§ **INPUT MATERIAL**
_ _ _ _

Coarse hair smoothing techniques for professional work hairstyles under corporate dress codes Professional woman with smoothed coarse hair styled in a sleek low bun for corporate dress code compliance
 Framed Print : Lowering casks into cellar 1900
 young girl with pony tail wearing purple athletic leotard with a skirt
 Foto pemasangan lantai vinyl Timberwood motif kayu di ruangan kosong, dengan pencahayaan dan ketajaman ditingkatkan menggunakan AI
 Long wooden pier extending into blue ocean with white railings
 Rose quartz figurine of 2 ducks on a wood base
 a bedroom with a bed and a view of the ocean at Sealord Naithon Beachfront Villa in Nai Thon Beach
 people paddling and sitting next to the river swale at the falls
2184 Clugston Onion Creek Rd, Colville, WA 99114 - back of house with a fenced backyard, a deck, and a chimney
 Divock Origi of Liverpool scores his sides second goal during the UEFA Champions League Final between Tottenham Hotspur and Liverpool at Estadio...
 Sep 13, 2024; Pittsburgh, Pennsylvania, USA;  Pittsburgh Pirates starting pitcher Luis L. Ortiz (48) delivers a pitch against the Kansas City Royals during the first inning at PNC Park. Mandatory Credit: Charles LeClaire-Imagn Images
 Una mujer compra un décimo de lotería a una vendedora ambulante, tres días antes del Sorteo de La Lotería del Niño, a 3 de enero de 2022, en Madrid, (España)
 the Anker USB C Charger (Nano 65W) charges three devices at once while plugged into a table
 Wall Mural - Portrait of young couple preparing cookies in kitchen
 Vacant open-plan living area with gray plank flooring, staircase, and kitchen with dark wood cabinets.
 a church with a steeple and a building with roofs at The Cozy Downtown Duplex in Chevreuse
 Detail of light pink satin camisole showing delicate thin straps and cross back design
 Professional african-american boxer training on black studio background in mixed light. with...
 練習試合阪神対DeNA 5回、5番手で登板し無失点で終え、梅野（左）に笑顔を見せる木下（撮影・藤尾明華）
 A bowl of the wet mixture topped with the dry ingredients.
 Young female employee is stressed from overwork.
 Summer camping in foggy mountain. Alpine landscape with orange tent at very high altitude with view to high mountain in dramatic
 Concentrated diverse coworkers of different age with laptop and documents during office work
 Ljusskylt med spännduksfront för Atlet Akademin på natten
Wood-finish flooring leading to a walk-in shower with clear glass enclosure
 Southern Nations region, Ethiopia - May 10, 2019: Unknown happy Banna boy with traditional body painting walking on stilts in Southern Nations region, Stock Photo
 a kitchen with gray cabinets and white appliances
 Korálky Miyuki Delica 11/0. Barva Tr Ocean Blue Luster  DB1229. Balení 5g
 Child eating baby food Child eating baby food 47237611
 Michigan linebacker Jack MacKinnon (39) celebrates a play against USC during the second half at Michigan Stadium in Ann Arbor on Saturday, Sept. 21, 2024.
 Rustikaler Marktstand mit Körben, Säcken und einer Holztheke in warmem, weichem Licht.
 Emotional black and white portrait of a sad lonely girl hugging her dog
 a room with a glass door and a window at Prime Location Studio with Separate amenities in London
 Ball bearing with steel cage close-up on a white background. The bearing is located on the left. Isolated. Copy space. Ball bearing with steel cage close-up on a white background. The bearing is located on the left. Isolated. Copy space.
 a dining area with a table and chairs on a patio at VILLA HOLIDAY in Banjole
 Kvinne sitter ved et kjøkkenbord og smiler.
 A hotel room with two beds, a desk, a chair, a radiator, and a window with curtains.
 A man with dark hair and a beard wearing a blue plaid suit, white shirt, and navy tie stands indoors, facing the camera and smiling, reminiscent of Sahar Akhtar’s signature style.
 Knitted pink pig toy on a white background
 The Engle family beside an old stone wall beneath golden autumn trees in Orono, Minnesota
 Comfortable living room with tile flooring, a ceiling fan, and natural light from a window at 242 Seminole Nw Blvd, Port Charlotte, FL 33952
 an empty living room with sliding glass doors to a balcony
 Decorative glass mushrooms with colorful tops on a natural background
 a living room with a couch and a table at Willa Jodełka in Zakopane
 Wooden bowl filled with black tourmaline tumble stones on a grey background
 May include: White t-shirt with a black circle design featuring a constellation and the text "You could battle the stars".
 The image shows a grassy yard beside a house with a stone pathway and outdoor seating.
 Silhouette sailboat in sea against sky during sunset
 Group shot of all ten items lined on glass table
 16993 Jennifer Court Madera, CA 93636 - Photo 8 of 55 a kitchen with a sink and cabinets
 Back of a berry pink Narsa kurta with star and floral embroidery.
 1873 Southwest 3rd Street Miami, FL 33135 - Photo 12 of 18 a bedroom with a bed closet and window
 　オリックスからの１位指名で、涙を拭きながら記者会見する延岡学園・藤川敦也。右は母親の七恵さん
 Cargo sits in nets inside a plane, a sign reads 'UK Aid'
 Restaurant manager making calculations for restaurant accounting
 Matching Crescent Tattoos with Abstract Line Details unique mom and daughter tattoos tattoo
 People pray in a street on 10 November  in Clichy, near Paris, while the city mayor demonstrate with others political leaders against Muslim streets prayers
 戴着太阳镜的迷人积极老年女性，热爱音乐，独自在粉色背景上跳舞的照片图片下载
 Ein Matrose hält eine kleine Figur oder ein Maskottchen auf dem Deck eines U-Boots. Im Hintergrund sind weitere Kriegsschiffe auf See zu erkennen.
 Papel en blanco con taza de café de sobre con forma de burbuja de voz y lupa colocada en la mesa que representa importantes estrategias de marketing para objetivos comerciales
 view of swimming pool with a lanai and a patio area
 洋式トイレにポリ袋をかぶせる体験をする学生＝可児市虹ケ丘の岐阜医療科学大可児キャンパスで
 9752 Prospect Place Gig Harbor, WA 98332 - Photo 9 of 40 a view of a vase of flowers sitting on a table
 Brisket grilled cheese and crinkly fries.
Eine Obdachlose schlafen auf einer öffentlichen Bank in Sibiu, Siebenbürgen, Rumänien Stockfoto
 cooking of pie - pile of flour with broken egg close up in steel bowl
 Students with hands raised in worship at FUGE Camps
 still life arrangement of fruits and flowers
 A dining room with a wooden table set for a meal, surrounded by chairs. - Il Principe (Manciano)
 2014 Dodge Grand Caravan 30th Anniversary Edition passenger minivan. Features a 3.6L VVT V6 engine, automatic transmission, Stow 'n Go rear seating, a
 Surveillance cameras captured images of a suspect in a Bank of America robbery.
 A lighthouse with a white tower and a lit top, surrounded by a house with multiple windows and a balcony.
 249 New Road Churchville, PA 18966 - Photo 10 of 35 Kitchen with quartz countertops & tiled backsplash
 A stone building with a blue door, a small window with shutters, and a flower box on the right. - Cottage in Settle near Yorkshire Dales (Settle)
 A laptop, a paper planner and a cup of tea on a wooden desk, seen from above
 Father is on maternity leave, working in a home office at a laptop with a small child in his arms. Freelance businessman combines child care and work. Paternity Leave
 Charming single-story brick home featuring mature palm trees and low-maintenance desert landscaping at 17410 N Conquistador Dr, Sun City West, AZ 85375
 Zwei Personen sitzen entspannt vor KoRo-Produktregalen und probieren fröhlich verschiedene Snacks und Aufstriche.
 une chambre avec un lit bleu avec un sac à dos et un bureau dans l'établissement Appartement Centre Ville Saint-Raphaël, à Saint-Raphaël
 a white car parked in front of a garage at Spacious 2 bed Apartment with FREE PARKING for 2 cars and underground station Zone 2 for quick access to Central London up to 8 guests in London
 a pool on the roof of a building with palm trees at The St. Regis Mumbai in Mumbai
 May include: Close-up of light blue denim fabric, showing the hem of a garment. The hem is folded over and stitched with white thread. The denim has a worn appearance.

_ _ _ _

§ **PROBLEM STATEMENT**
Each of the records is to be written out again without alteration.

§ **WRITTEN SOLUTION**
Coarse hair smoothing techniques for professional work hairstyles under corporate dress codes Professional woman with smoothed coarse hair styled in a sleek low bun for corporate dress code compliance
 Framed Print : Lowering casks into cellar 1900
 young girl with pony tail wearing purple athletic leotard with a skirt
 Foto pemasangan lantai vinyl Timberwood motif kayu di ruangan kosong, dengan pencahayaan dan ketajaman ditingkatkan menggunakan AI
 Long wooden pier extending into blue ocean with white railings
 Rose quartz figurine of 2 ducks on a wood base
 a bedroom with a bed and a view of the ocean at Sealord Naithon Beachfront Villa in Nai Thon Beach
 people paddling and sitting next to the river swale at the falls
2184 Clugston Onion Creek Rd, Colville, WA 99114 - back of house with a fenced backyard, a deck, and a chimney
 Divock Origi of Liverpool scores his sides second goal during the UEFA Champions League Final between Tottenham Hotspur and Liverpool at Estadio...
 Sep 13, 2024; Pittsburgh, Pennsylvania, USA;  Pittsburgh Pirates starting pitcher Luis L. Ortiz (48) delivers a pitch against the Kansas City Royals during the first inning at PNC Park. Mandatory Credit: Charles LeClaire-Imagn Images
 Una mujer compra un décimo de lotería a una vendedora ambulante, tres días antes del Sorteo de La Lotería del Niño, a 3 de enero de 2022, en Madrid, (España)
 the Anker USB C Charger (Nano 65W) charges three devices at once while plugged into a table
 Wall Mural - Portrait of young couple preparing cookies in kitchen
 Vacant open-plan living area with gray plank flooring, staircase, and kitchen with dark wood cabinets.
 a church with a steeple and a building with roofs at The Cozy Downtown Duplex in Chevreuse
 Detail of light pink satin camisole showing delicate thin straps and cross back design
 Professional african-american boxer training on black studio background in mixed light. with...
 練習試合阪神対DeNA 5回、5番手で登板し無失点で終え、梅野（左）に笑顔を見せる木下（撮影・藤尾明華）
 A bowl of the wet mixture topped with the dry ingredients.
 Young female employee is stressed from overwork.
 Summer camping in foggy mountain. Alpine landscape with orange tent at very high altitude with view to high mountain in dramatic
 Concentrated diverse coworkers of different age with laptop and documents during office work
 Ljusskylt med spännduksfront för Atlet Akademin på natten
Wood-finish flooring leading to a walk-in shower with clear glass enclosure
 Southern Nations region, Ethiopia - May 10, 2019: Unknown happy Banna boy with traditional body painting walking on stilts in Southern Nations region, Stock Photo
 a kitchen with gray cabinets and white appliances
 Korálky Miyuki Delica 11/0. Barva Tr Ocean Blue Luster  DB1229. Balení 5g
 Child eating baby food Child eating baby food 47237611
 Michigan linebacker Jack MacKinnon (39) celebrates a play against USC during the second half at Michigan Stadium in Ann Arbor on Saturday, Sept. 21, 2024.
 Rustikaler Marktstand mit Körben, Säcken und einer Holztheke in warmem, weichem Licht.
 Emotional black and white portrait of a sad lonely girl hugging her dog
 a room with a glass door and a window at Prime Location Studio with Separate amenities in London
 Ball bearing with steel cage close-up on a white background. The bearing is located on the left. Isolated. Copy space. Ball bearing with steel cage close-up on a white background. The bearing is located on the left. Isolated. Copy space.
 a dining area with a table and chairs on a patio at VILLA HOLIDAY in Banjole
 Kvinne sitter ved et kjøkkenbord og smiler.
 A hotel room with two beds, a desk, a chair, a radiator, and a window with curtains.
 A man with dark hair and a beard wearing a blue plaid suit, white shirt, and navy tie stands indoors, facing the camera and smiling, reminiscent of Sahar Akhtar’s signature style.
 Knitted pink pig toy on a white background
 The Engle family beside an old stone wall beneath golden autumn trees in Orono, Minnesota
 Comfortable living room with tile flooring, a ceiling fan, and natural light from a window at 242 Seminole Nw Blvd, Port Charlotte, FL 33952
 an empty living room with sliding glass doors to a balcony
 Decorative glass mushrooms with colorful tops on a natural background
 a living room with a couch and a table at Willa Jodełka in Zakopane
 Wooden bowl filled with black tourmaline tumble stones on a grey background
 May include: White t-shirt with a black circle design featuring a constellation and the text "You could battle the stars".
 The image shows a grassy yard beside a house with a stone pathway and outdoor seating.
 Silhouette sailboat in sea against sky during sunset
 Group shot of all ten items lined on glass table
 16993 Jennifer Court Madera, CA 93636 - Photo 8 of 55 a kitchen with a sink and cabinets
 Back of a berry pink Narsa kurta with star and floral embroidery.
 1873 Southwest 3rd Street Miami, FL 33135 - Photo 12 of 18 a bedroom with a bed closet and window
 　オリックスからの１位指名で、涙を拭きながら記者会見する延岡学園・藤川敦也。右は母親の七恵さん
 Cargo sits in nets inside a plane, a sign reads 'UK Aid'
 Restaurant manager making calculations for restaurant accounting
 Matching Crescent Tattoos with Abstract Line Details unique mom and daughter tattoos tattoo
 People pray in a street on 10 November  in Clichy, near Paris, while the city mayor demonstrate with others political leaders against Muslim streets prayers
 戴着太阳镜的迷人积极老年女性，热爱音乐，独自在粉色背景上跳舞的照片图片下载
 Ein Matrose hält eine kleine Figur oder ein Maskottchen auf dem Deck eines U-Boots. Im Hintergrund sind weitere Kriegsschiffe auf See zu erkennen.
 Papel en blanco con taza de café de sobre con forma de burbuja de voz y lupa colocada en la mesa que representa importantes estrategias de marketing para objetivos comerciales
 view of swimming pool with a lanai and a patio area
 洋式トイレにポリ袋をかぶせる体験をする学生＝可児市虹ケ丘の岐阜医療科学大可児キャンパスで
 9752 Prospect Place Gig Harbor, WA 98332 - Photo 9 of 40 a view of a vase of flowers sitting on a table
 Brisket grilled cheese and crinkly fries.
Eine Obdachlose schlafen auf einer öffentlichen Bank in Sibiu, Siebenbürgen, Rumänien Stockfoto
 cooking of pie - pile of flour with broken egg close up in steel bowl
 Students with hands raised in worship at FUGE Camps
 still life arrangement of fruits and flowers
 A dining room with a wooden table set for a meal, surrounded by chairs. - Il Principe (Manciano)
 2014 Dodge Grand Caravan 30th Anniversary Edition passenger minivan. Features a 3.6L VVT V6 engine, automatic transmission, Stow 'n Go rear seating, a
 Surveillance cameras captured images of a suspect in a Bank of America robbery.
 A lighthouse with a white tower and a lit top, surrounded by a house with multiple windows and a balcony.
 249 New Road Churchville, PA 18966 - Photo 10 of 35 Kitchen with quartz countertops & tiled backsplash
 A stone building with a blue door, a small window with shutters, and a flower box on the right. - Cottage in Settle near Yorkshire Dales (Settle)
 A laptop, a paper planner and a cup of tea on a wooden desk, seen from above
 Father is on maternity leave, working in a home office at a laptop with a small child in his arms. Freelance businessman combines child care and work. Paternity Leave
 Charming single-story brick home featuring mature palm trees and low-maintenance desert landscaping at 17410 N Conquistador Dr, Sun City West, AZ 85375
 Zwei Personen sitzen entspannt vor KoRo-Produktregalen und probieren fröhlich verschiedene Snacks und Aufstriche.
 une chambre avec un lit bleu avec un sac à dos et un bureau dans l'établissement Appartement Centre Ville Saint-Raphaël, à Saint-Raphaël
 a white car parked in front of a garage at Spacious 2 bed Apartment with FREE PARKING for 2 cars and underground station Zone 2 for quick access to Central London up to 8 guests in London
 a pool on the roof of a building with palm trees at The St. Regis Mumbai in Mumbai
 May include: Close-up of light blue denim fabric, showing the hem of a garment. The hem is folded over and stitched with white thread. The denim has a worn appearance.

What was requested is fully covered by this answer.